The velocities of the ejecta front were determined in transversal geometry with a high speed camera. They lay between \((7.0\pm 0.3)\) and (\(16.4 \pm 0.2)\) \(\hbox {km}/\hbox {s}\). For one shot, a simultaneous measurement of the shock velocity from the VISAR and the high-speed recording was taken. The velocity doubling rule states that the ejecta velocity of a shock breaking out of a free surface into vacuum, is roughly equal to double the particle velocity within that shock38,39. It resulted in a free surface velocity of \((12.9 \pm 0.4)\) km/s while the high speed recordings yielded an ejecta velocity of \((13.8\pm 0.3)\) km/s. Therefore, the high-speed camera measurements are very close to the ejecta velocities obtained from the doubling rule. Such comparative measurements are only possible if no catcher is used because the rear side view needs to be unobstructed for VISAR measurements. An example image of those recordings is displayed in Fig. 5a. The typical release shape described in Figure40 can be well observed. The good agreement indicates that, in recovery experiments, the transversal high-speed camera setup can give estimates of the shock state.
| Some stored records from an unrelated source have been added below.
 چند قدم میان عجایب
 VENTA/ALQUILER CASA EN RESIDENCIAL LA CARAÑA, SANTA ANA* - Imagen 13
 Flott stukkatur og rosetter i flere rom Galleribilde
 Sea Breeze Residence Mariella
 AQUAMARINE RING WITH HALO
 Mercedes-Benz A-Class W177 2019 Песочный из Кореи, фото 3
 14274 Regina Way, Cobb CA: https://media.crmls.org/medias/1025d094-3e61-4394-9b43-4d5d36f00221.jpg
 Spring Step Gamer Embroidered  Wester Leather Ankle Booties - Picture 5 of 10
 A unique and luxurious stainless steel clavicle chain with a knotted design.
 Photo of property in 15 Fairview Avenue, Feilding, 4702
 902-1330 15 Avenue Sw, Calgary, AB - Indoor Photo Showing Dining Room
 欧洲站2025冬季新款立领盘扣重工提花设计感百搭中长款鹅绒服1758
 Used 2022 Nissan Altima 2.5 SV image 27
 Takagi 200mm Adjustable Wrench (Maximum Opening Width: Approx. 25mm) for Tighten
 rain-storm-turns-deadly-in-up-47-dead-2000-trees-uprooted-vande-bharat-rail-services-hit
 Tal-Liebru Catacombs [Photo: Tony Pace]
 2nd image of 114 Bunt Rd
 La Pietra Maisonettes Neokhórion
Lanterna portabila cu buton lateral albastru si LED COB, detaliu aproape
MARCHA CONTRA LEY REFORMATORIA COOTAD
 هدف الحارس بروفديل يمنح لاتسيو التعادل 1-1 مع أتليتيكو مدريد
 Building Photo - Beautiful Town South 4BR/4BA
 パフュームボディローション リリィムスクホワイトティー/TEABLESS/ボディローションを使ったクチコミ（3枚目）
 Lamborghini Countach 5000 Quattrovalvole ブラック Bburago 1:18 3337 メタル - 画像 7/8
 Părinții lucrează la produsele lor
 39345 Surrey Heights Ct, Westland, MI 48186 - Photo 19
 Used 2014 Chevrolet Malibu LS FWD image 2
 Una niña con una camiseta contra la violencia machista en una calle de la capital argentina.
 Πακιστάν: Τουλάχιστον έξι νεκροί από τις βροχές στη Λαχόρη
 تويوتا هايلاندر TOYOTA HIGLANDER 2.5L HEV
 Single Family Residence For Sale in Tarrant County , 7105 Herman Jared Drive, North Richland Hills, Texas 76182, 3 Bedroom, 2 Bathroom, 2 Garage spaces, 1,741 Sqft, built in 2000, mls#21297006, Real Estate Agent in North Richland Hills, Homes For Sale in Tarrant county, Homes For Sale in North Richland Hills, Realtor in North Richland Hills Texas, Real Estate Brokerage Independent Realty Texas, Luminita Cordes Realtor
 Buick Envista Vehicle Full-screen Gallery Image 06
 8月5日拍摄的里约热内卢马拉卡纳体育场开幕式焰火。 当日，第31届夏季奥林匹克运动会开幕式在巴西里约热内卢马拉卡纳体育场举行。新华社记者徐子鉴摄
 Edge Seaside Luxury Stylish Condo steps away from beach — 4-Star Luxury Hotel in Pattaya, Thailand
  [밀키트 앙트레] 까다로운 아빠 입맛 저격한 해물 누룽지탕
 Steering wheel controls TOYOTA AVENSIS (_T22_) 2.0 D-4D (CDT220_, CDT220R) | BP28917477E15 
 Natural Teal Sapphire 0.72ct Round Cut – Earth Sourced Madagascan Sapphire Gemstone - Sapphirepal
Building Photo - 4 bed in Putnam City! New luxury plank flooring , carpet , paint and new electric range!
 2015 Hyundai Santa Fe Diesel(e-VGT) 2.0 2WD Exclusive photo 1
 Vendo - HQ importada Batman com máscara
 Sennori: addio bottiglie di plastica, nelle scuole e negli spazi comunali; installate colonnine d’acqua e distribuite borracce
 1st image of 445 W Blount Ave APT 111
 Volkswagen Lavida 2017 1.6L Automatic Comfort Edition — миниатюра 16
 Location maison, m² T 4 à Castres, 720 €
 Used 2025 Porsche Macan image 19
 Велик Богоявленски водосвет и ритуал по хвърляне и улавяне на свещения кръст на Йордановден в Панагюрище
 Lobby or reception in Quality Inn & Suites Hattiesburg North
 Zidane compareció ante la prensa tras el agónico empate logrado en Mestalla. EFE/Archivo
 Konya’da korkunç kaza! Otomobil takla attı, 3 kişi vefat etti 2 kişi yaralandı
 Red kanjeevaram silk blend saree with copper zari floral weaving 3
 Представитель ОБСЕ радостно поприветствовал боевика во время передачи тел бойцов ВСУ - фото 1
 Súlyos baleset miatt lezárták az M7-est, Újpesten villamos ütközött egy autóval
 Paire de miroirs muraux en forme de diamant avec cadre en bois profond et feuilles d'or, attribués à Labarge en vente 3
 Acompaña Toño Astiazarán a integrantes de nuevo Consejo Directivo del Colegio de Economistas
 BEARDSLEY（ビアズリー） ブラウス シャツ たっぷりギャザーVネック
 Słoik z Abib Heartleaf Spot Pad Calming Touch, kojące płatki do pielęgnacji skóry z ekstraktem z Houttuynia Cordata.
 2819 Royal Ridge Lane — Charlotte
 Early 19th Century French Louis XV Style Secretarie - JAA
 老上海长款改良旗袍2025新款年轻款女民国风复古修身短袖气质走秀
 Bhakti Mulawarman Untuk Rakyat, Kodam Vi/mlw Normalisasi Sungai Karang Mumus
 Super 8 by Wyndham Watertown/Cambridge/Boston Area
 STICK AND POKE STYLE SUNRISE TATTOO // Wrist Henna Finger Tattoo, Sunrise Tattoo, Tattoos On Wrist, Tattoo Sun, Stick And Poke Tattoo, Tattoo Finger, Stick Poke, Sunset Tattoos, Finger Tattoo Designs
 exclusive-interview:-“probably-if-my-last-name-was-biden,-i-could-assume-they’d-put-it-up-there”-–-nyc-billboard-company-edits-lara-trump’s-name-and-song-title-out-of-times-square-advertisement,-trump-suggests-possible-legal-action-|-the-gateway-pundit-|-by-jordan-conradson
Figure 5b shows the free surface velocity of the rear surface after breakout, estimated from the velocity doubling rule and the PET Hugoniot. This velocity can be a first indicator for intact recovery of NDs in case of subsequent impacts into catcher materials.

Figure 5
figure 5

Laser-driven shock compression of PET at the LULI facility. We used the ultra-high speed camera Shimadzu HPV-X2 to image the rear side ejecta after shock breakout and estimate the ejecta velocities via the travelled distance and the inter-frame time. An estimation of of the free surface velocities from previously published Hugoniot data of PET is shown for estimation of ejecta velocities at different pressures.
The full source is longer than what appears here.